When Grover Cleveland married Frances Folsom, he was 49 and she was 21. Francis was the daughter of Cleveland's longtime friend and law partner Oscar Folsom. Frances was the only Folsom child to survive infancy.
Folsom and Cleveland shared more than just a friendship. In the election of 1885, Cleveland's opponents reported that Cleveland had fathered an illegitimate child while he was a lawyer in Buffalo. Their chant "Ma, Ma, where's my Pa?" rose as an unofficial campaign slogan for those who opposed him. When confronted with the scandal, Cleveland's instructions to his campaign staff were: "Tell the truth." Cleveland admitted to paying child support in 1874 to Maria Crofts Halpin, the woman who claimed he fathered her child named Oscar Folsom Cleveland. Miss Halpin was involved with several men at the time, including Oscar Folsom, for whom the child was named. Cleveland did not know which man was the father, and is believed to have assumed responsibility because he was the only bachelor among them. After Cleveland won the election, his supporters would answer the question "Ma, Ma, where's my Pa?" with the reply "Gone to the White House, ha ha ha!"

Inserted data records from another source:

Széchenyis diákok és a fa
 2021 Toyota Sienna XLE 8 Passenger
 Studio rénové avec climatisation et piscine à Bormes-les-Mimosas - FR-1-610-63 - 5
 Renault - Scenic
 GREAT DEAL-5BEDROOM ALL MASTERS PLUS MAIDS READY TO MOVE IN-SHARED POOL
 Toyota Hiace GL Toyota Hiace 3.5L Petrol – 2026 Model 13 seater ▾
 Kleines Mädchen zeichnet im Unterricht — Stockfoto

Not many people can say they knew their spouse from birth, but Cleveland took an instant interest in Frances, buying her a baby carriage and otherwise doting on her as she grew up. When Oscar Folsom died in a buggy accident in 1875 without having written a will, the court appointed Cleveland administrator of his estate and guardian of Frances, then age 11. Frances attended Central High School in Buffalo and later Wells College in Aurora, New York.
Sometime while she was in college, Cleveland's feelings for her took a romantic turn. He proposed by letter in August 1885, soon after her graduation. They did not announce their engagement, however, until just five days before the wedding.
Frances, age 21, married President Grover Cleveland, age 49, on June 2, 1886, at the White House. Their age disparity of 27 years is the second largest of any Presidential marriage. Cleveland was the only president to be married in the White House (John Tyler was older than his second wife Julia by 30 years). President Cleveland worked as usual on his wedding day.
The ceremony, a small affair attended by relatives, close friends and the cabinet and their wives, was performed at 7 p.m. in the Blue Room of the White House by the Reverend Byron Sutherland, assisted by the Reverend William Cleveland, the president's brother. The words "honor, love, and keep" were substituted for "honor, love and obey". John Philip Sousa and the Marine Band provided the music. The couple spent a five-day honeymoon at Deer Park in the Cumberland Mountains of Western Maryland.